• Problem to work on
Where an entry below contains an image, skip the image and copy the rest exactly.
-----
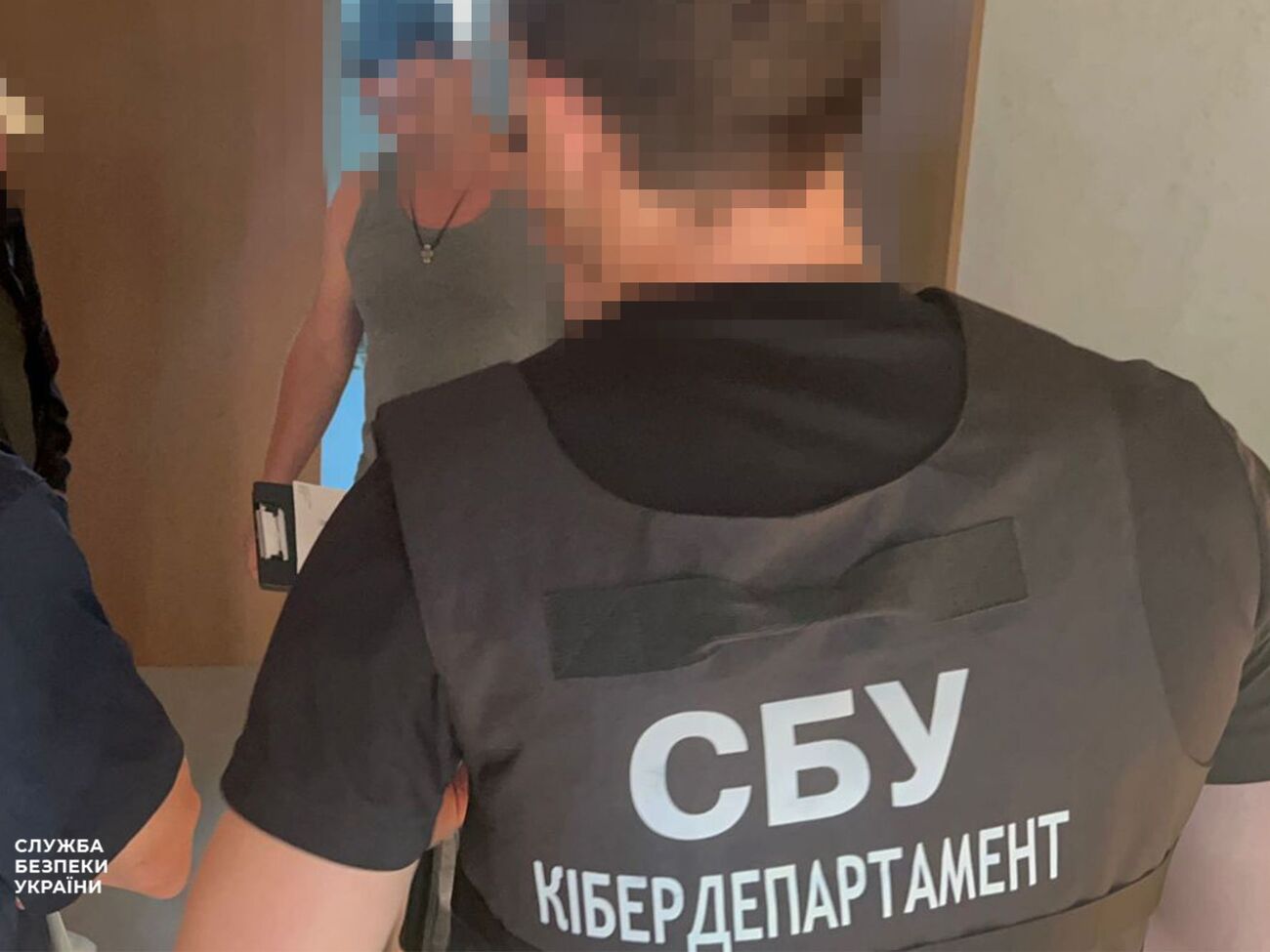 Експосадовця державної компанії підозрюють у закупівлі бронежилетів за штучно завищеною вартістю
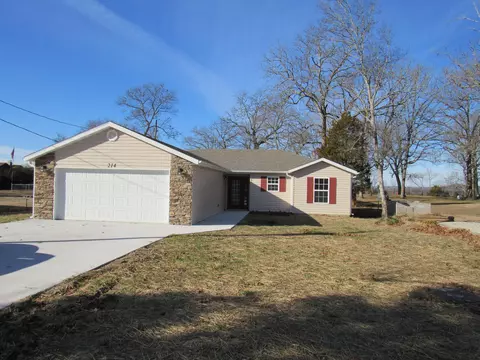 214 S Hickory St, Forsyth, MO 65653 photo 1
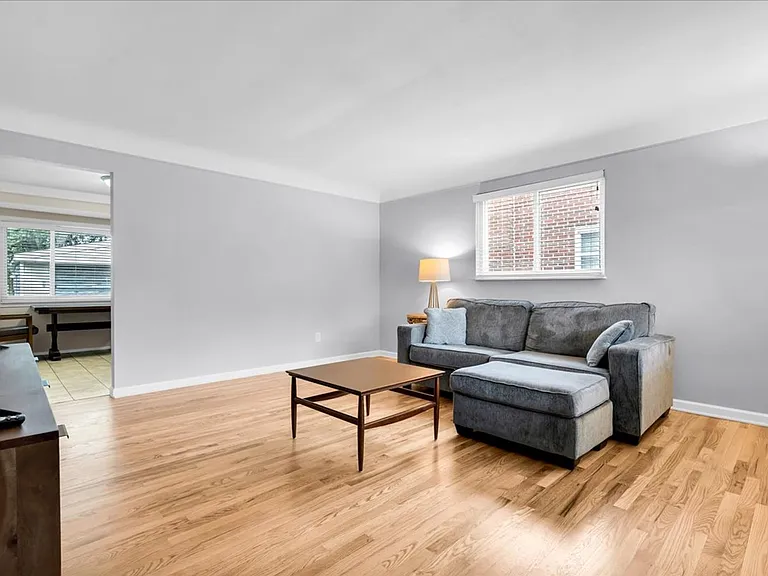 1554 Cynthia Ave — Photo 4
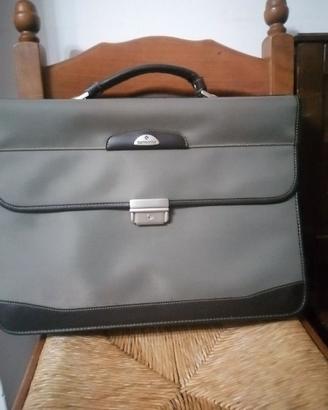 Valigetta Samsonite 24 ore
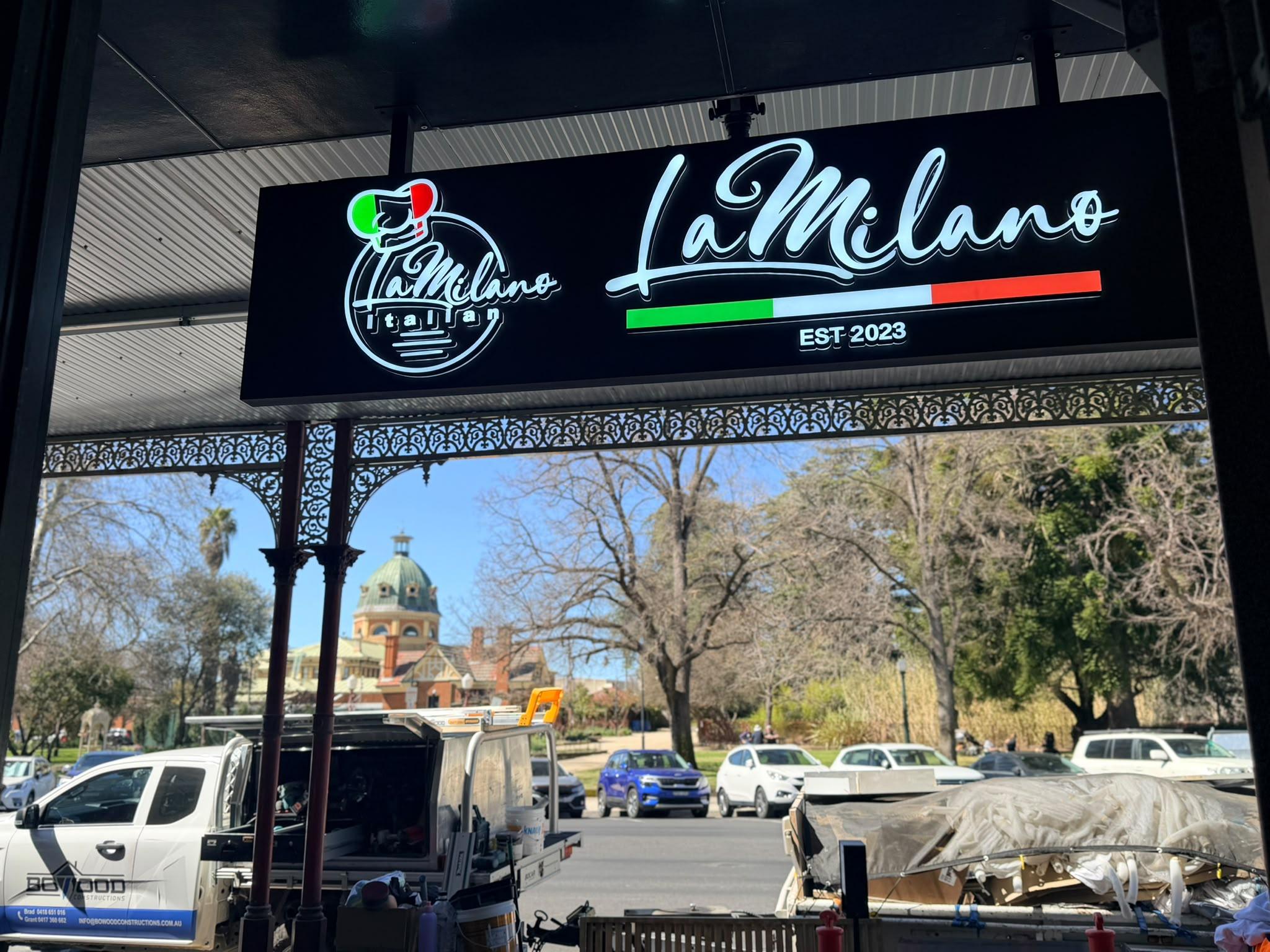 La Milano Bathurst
-----
• Answer for the task
 Експосадовця державної компанії підозрюють у закупівлі бронежилетів за штучно завищеною вартістю
 214 S Hickory St, Forsyth, MO 65653 photo 1
 1554 Cynthia Ave — Photo 4
 Valigetta Samsonite 24 ore
 La Milano Bathurst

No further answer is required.